# Problem statement
In the data below, the answer is the run of lines from the line containing "Love On The" through the line containing "Bubble Shooter - Fashion", both included; print it exactly and nothing else.

# Data excerpts
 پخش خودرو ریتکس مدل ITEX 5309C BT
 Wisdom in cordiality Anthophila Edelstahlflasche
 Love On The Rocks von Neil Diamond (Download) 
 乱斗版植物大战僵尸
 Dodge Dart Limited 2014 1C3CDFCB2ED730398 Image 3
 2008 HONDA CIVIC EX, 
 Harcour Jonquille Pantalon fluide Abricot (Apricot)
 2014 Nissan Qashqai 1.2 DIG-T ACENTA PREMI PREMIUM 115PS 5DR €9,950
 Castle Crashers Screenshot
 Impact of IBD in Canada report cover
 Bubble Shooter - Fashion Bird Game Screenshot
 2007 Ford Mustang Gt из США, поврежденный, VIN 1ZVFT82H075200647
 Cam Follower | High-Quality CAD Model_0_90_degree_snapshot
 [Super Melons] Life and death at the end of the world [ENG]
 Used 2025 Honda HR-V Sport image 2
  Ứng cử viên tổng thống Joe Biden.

# Final answer
 Love On The Rocks von Neil Diamond (Download) 
 乱斗版植物大战僵尸
 Dodge Dart Limited 2014 1C3CDFCB2ED730398 Image 3
 2008 HONDA CIVIC EX, 
 Harcour Jonquille Pantalon fluide Abricot (Apricot)
 2014 Nissan Qashqai 1.2 DIG-T ACENTA PREMI PREMIUM 115PS 5DR €9,950
 Castle Crashers Screenshot
 Impact of IBD in Canada report cover
 Bubble Shooter - Fashion Bird Game Screenshot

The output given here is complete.